A year ago, home buying suffered as the 30-year fixed-rate loan averaged 4.9% — an eight-year high, by Freddie Mac’s count. Last Thursday, rates fell to 3.57%, a 27% one-year slide that is unparalleled in the 48-year history the agency has been tracking home-loan rates.
Yes, that’s a faster rate drop than declines of the 1980s when the Federal Reserve reversed its rate-hike efforts. Or tumbles during the mid-1990s global bond crises. Or after the housing bubble burst a decade ago.

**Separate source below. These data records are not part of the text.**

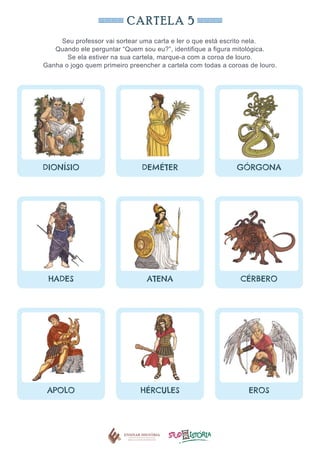 CARTELA 5
Seu professor vai sortear uma carta e ler o que está escrito nela.
Quando ele perguntar “Quem sou eu?”, identifique a figura mitológica.
Se ela estiver na sua cartela, marque-a com a coroa de louro.
Ganha o jogo quem primeiro preencher a cartela com todas a coroas de louro.
DIONÍSIO DEMÉTER GÓRGONA
HADES ATENA CÉRBERO
APOLO HÉRCULES EROS
 
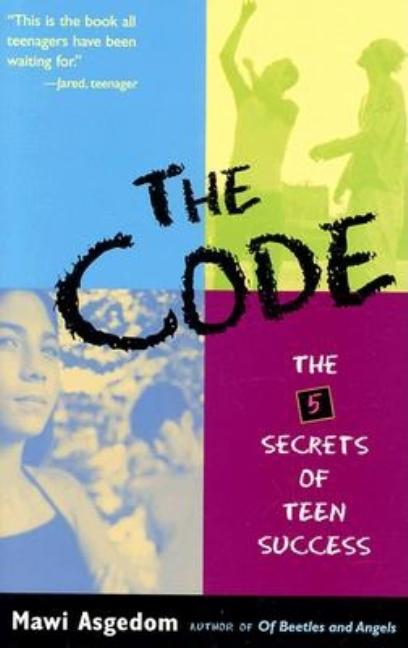 The Code: The 5 Secrets of Teen Success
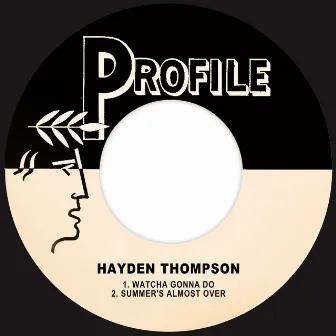 Watcha Gonna Do / Summer's Almost Over by Hayden Thompson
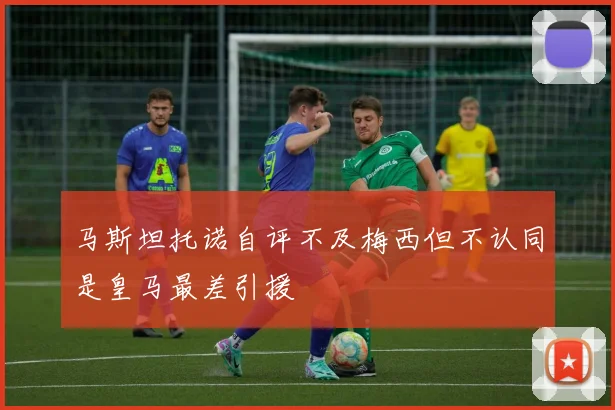 马斯坦托诺自评不及梅西但不认同是皇马最差引援
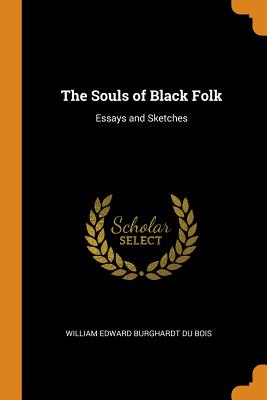 The Souls of Black Folk: Essays and Sketches Cover Image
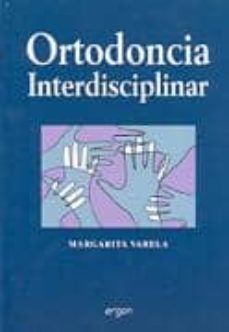 Descarga gratuita de libros electrónicos en la computadora. ORTODONCIA INTERDISCIPLINAR (Literatura española) 9788484733003 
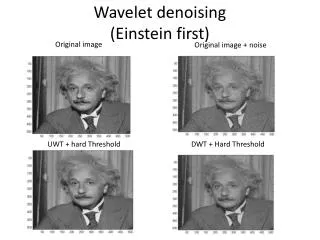 Wavelet denoising (Einstein first)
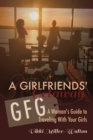 Image for Gfg-girlfriends&#39; Getaway: A Woman&#39;s Guide to Traveling With Your Girls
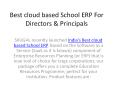 Best cloud based School ERP For  Directors & Principals PowerPoint PPT Presentation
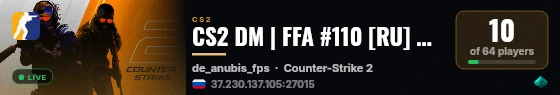 CS2 DM | FFA #110 [RU] — CYBERSHOKE.NET (16 SLOTS) live status badge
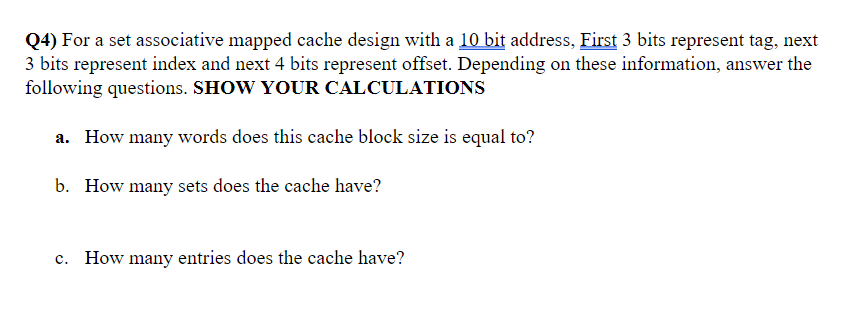 Q4) For a set associative mapped cache design with a 10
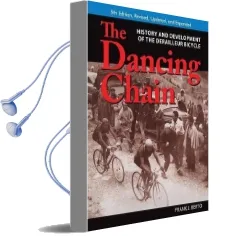 The Dancing Chain: History and Development of the Derailleur Bicycle Audiobook download free by Frank J. Berto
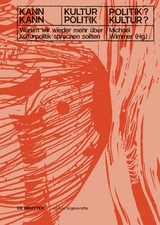 Kann Kultur Politik? &ndash; Kann Politik Kultur? -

According to ReportsOnHousing’s latest tracking of broker listing networks, demand for homes in Los Angeles, Orange, Riverside and San Bernardino counties — as measured by new escrows opened in the past 30 days — was 12,328 on Oct. 3. That’s up 14% in 12 months. While the buying spree is swift, it’s still no stampede: Escrows are actually down 1% vs. the past eight years’ average for this time of year.
These house hunters are being greeted by a shrinking inventory with 34,456 existing residences listed for sale in the four counties covered by the Southern California News Group — down 7.4% in a year but still 2% higher than the eight-year average.
This translates to homes selling quicker. Estimated market time of 84 days — listing to escrow, by ReportsOnHousing’s formula — vs. 103 days a year earlier. ReportsOnHousing considers a “market time” under 90 days as conditions favoring sellers. So this is “normal” as market time since 2012 has averaged 84 days at this time of year.